##### Data for analysis #####

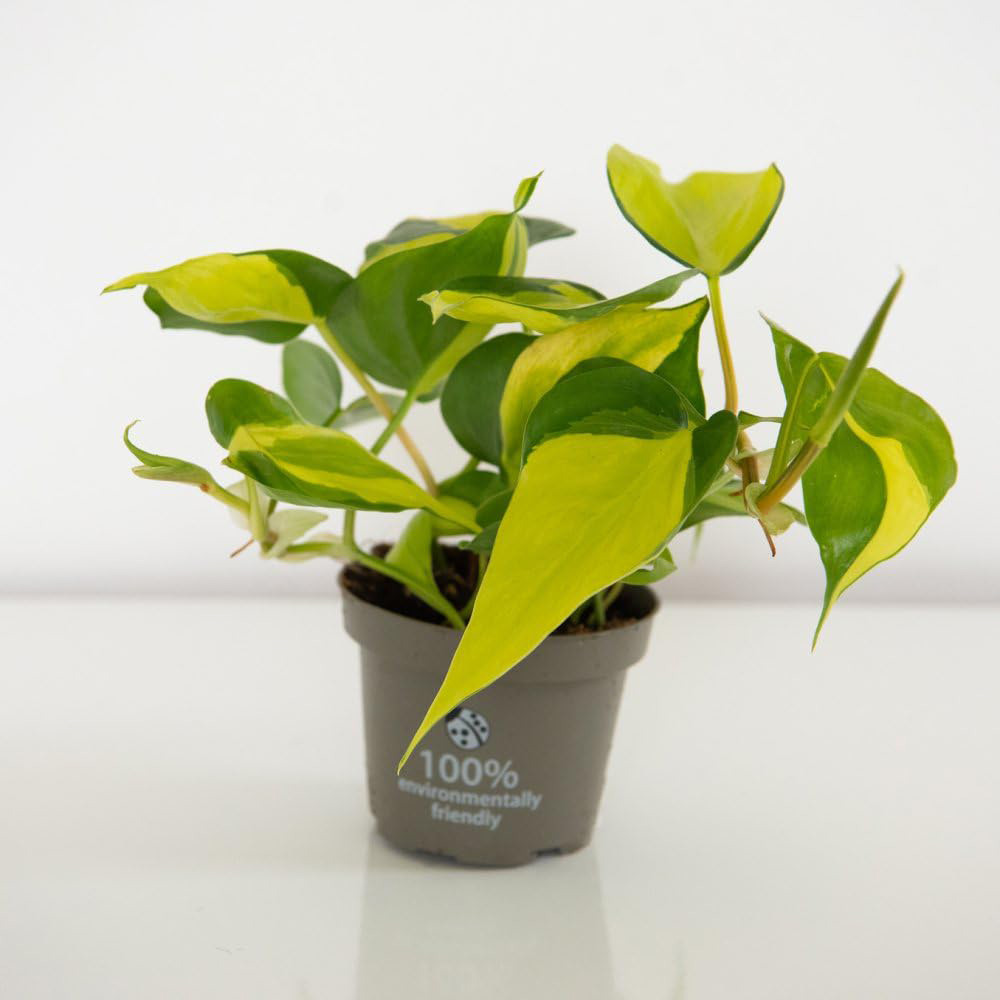Thompson and Morgan Philodendron Scandens Brasil Plant Pot 10cm Image 6
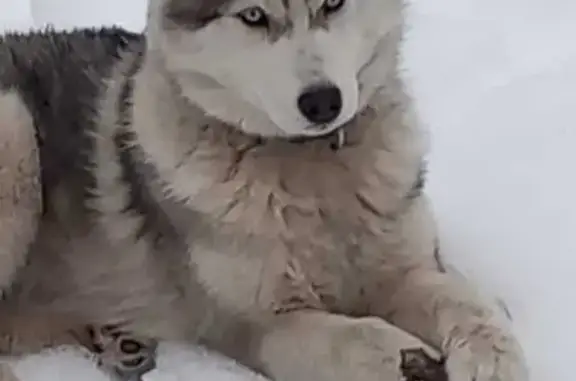 Пропала хаски, Лунная ул., Тамбовский лесхоз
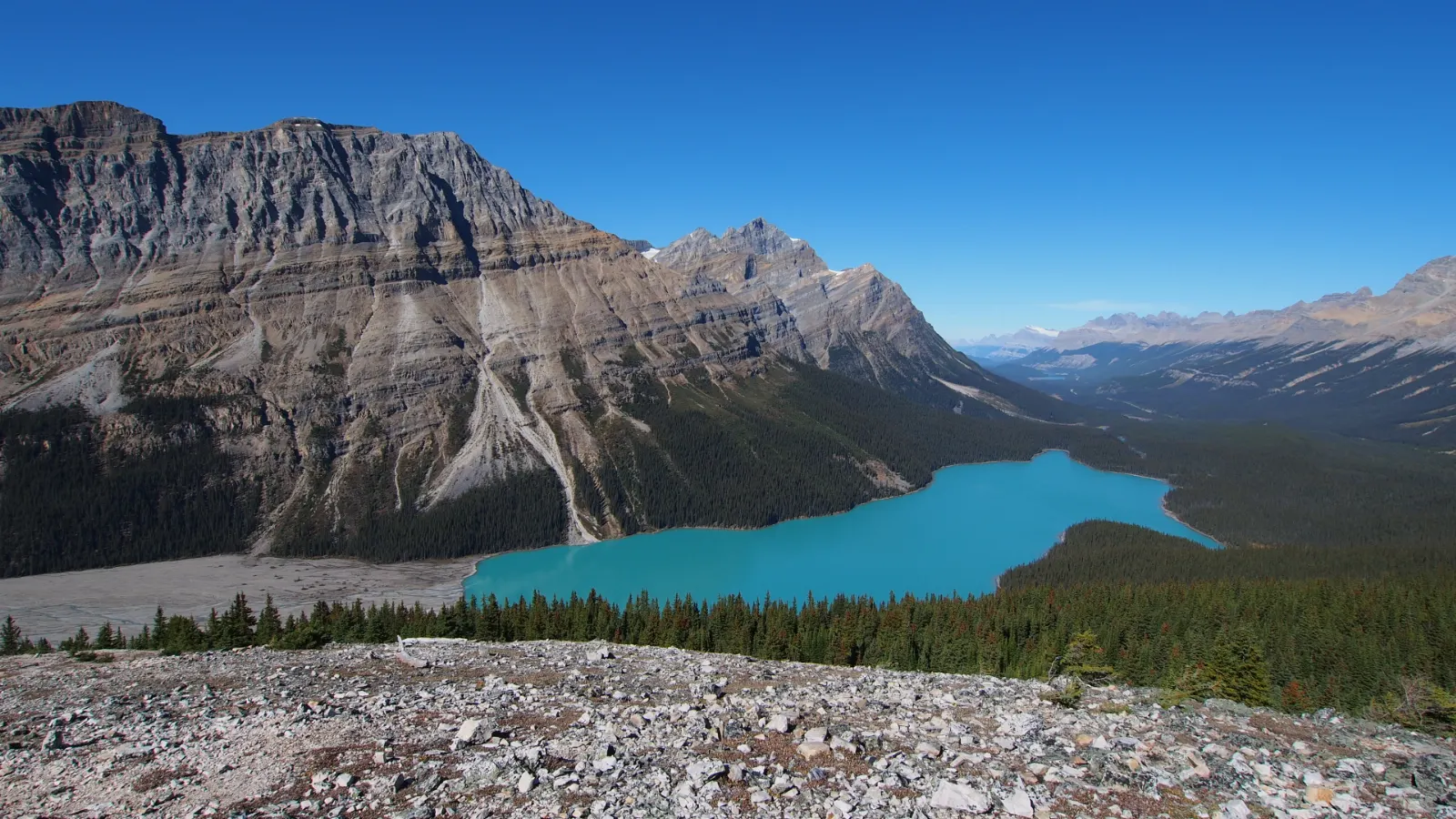 Peyto Lake seen from Bow Summit in turquoise tones, Lake Louise, Alberta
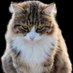halil (@halil7821) Twitter profile photo halil (@halil7821) Twitter profile photo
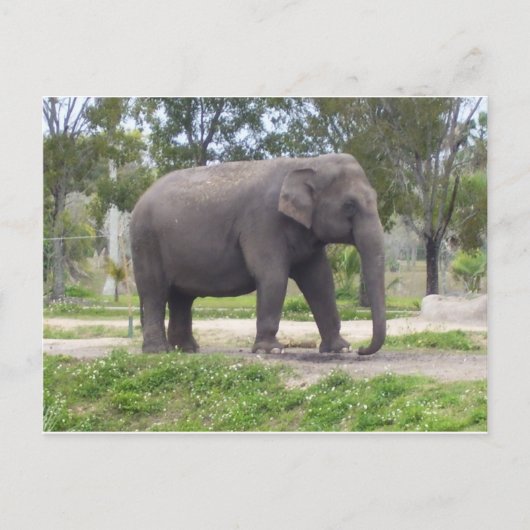 Carte Postale Éléphant le long du sentier forestier (Devant)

#####

### [Exercise directions]
The entries are to be written out in full and exactly, apart from the pictures.

### [Answer to this task]
Thompson and Morgan Philodendron Scandens Brasil Plant Pot 10cm Image 6
 Пропала хаски, Лунная ул., Тамбовский лесхоз
 Peyto Lake seen from Bow Summit in turquoise tones, Lake Louise, Alberta
halil (@halil7821) Twitter profile photo halil (@halil7821) Twitter profile photo
 Carte Postale Éléphant le long du sentier forestier (Devant)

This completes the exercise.